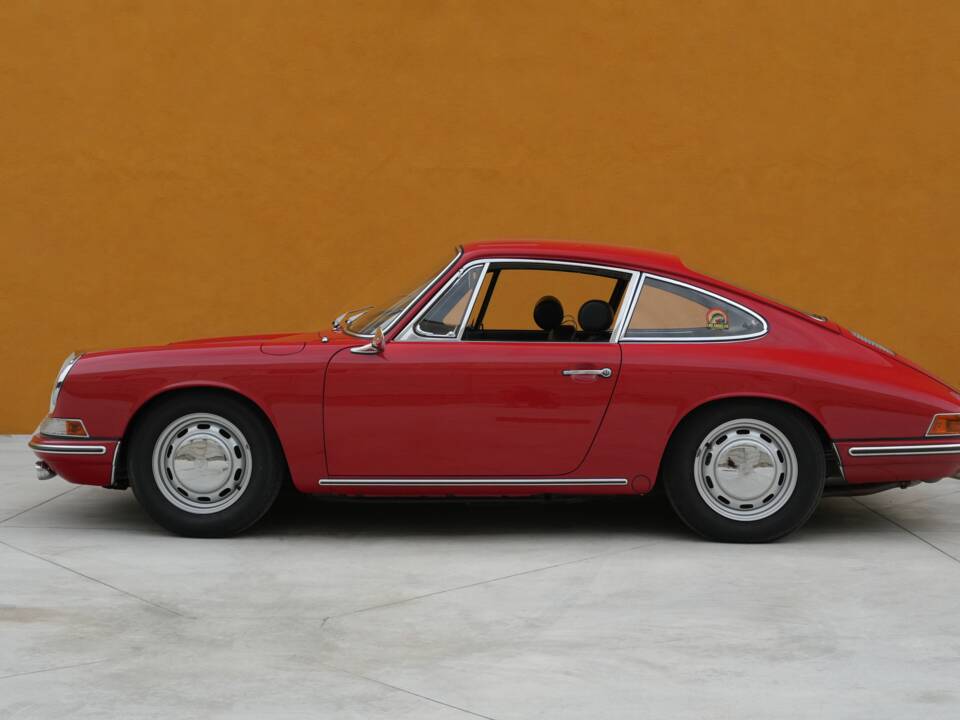 Bild 3/14 von Porsche 911 2.0 (1965)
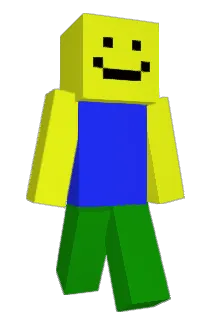 OsuManiaSweat Minecraft avatar full body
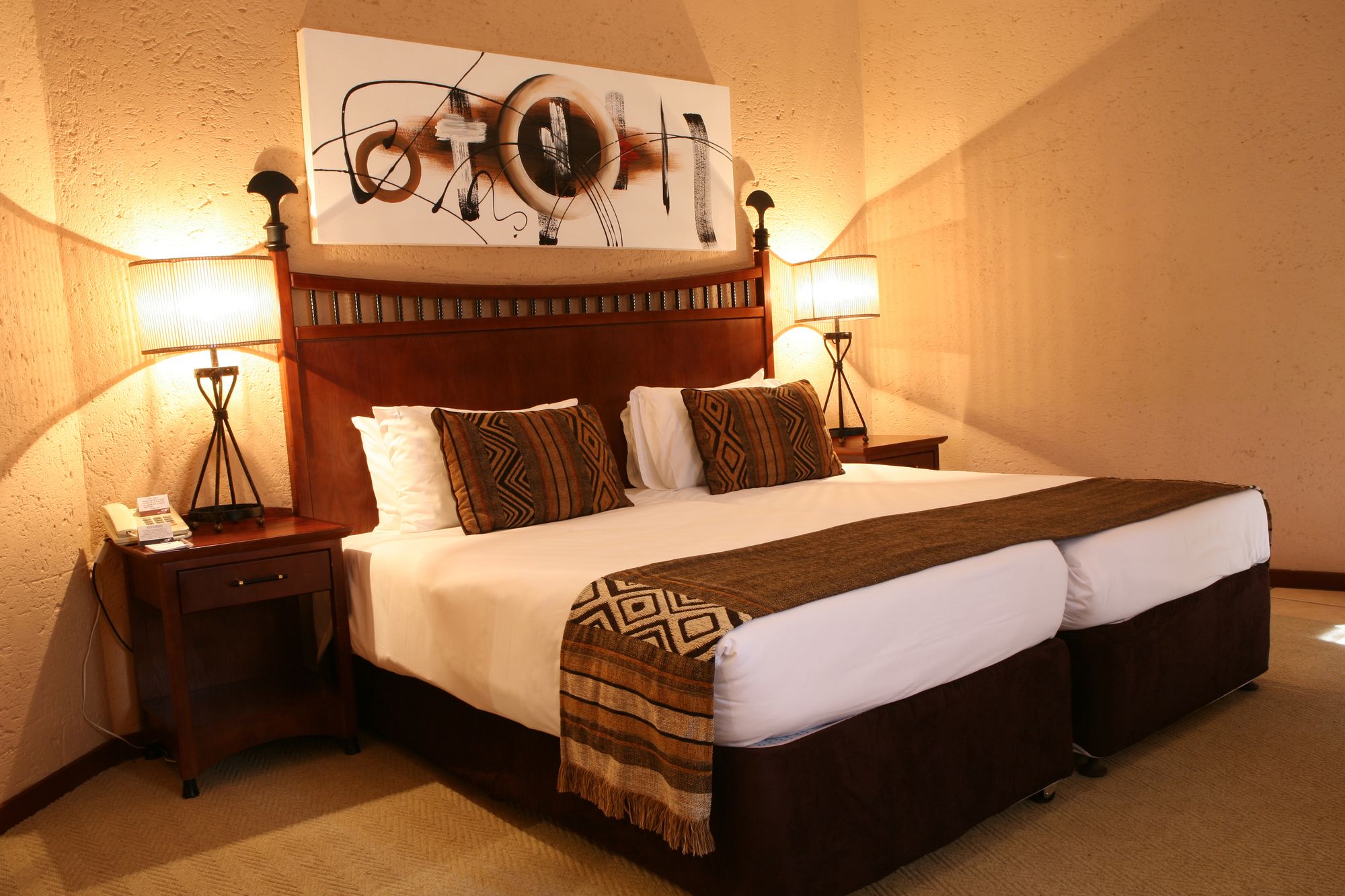 AHA Kopanong Hotel & Conference Centre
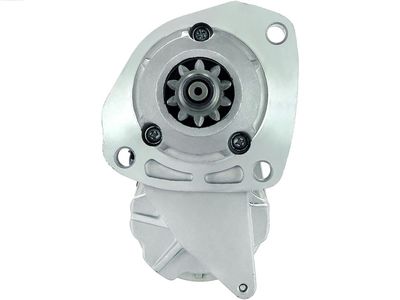 AS-PL Starter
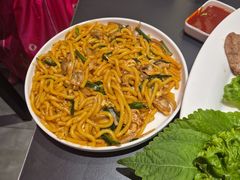 -松涛园朝鲜·海鲜·料理店(鸭绿江断桥店)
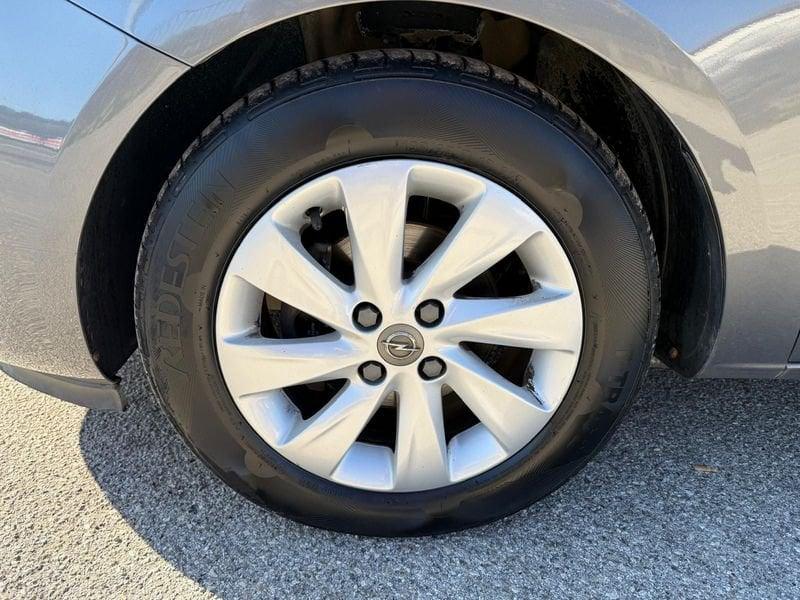 Opel Corsa Corsa 1.4 90CV GPL Tech 5 porte Cosmo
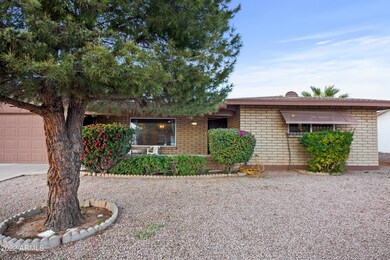 6064 E Duncan St, Mesa, AZ 85205 - photo 4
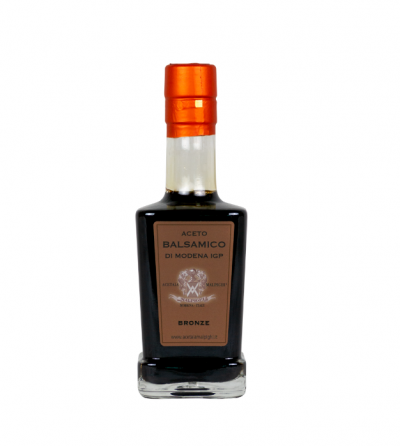 Vinaigre balsamique "Bronze" 250ML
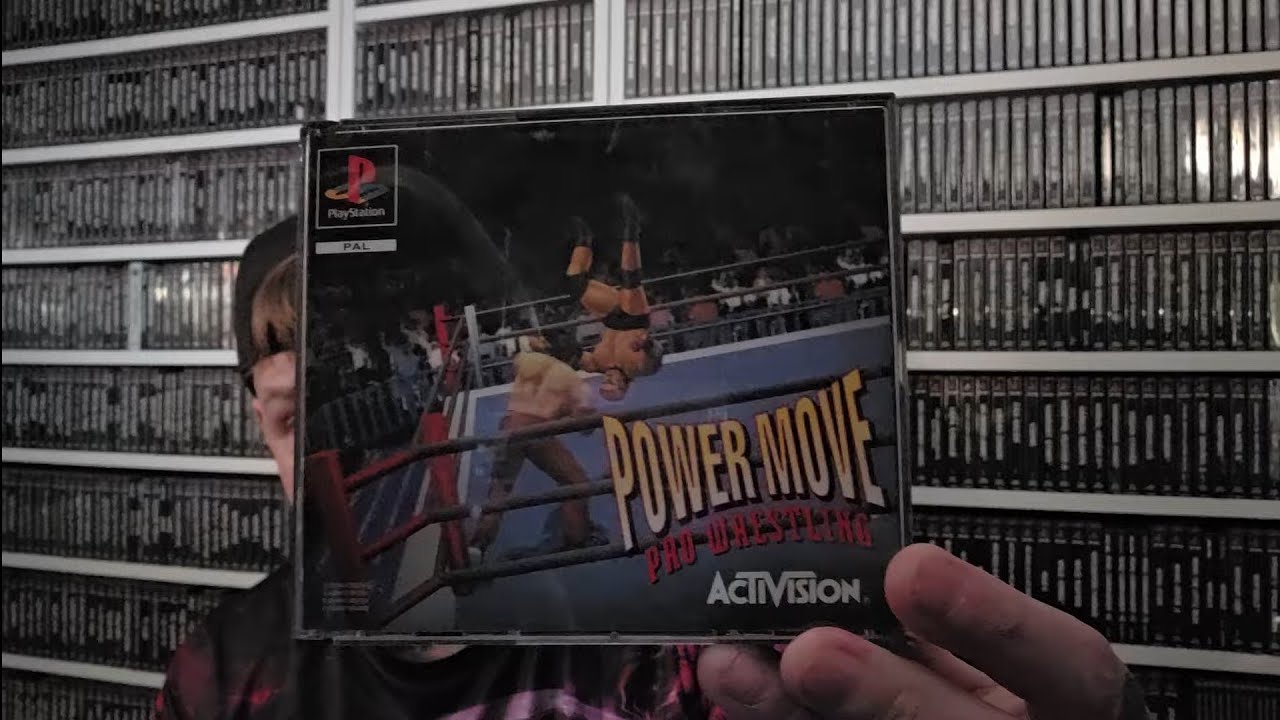 Another 11 Ps1 Games Towards The Full Set. 1092 Titles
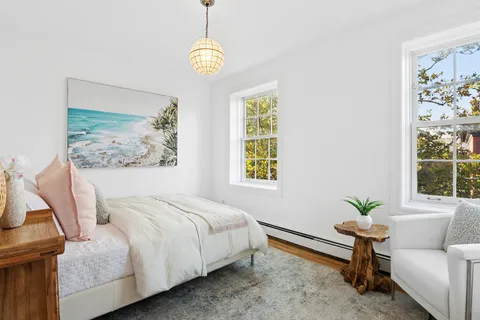 $2,295,000 | 193 Kane Street, Unit 4 | Cobble Hill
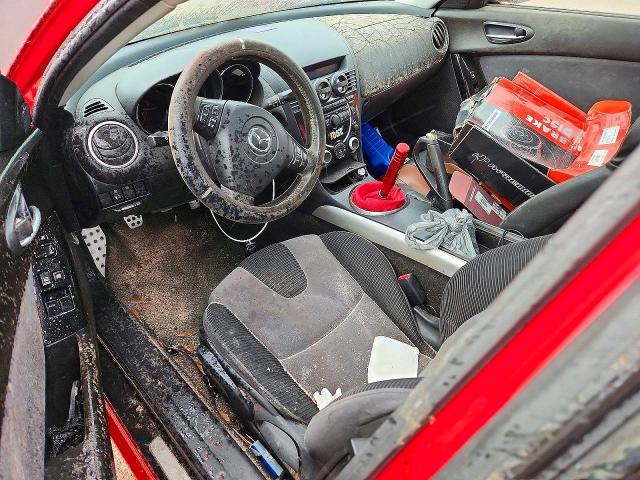 Продаж на аукціоні авто 2004 Mazda Rx8, vin: JM1FE173X40140175, номер лоту: 65699266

-*-*-

Print, with pictures removed, exactly the lines of the records above from the top through the line containing "4 | Cobble Hill".

> _WRITTEN RESPONSE_
 Bild 3/14 von Porsche 911 2.0 (1965)
 OsuManiaSweat Minecraft avatar full body
 AHA Kopanong Hotel & Conference Centre
 AS-PL Starter
 -松涛园朝鲜·海鲜·料理店(鸭绿江断桥店)
 Opel Corsa Corsa 1.4 90CV GPL Tech 5 porte Cosmo
 6064 E Duncan St, Mesa, AZ 85205 - photo 4
 Vinaigre balsamique "Bronze" 250ML
 Another 11 Ps1 Games Towards The Full Set. 1092 Titles
 $2,295,000 | 193 Kane Street, Unit 4 | Cobble Hill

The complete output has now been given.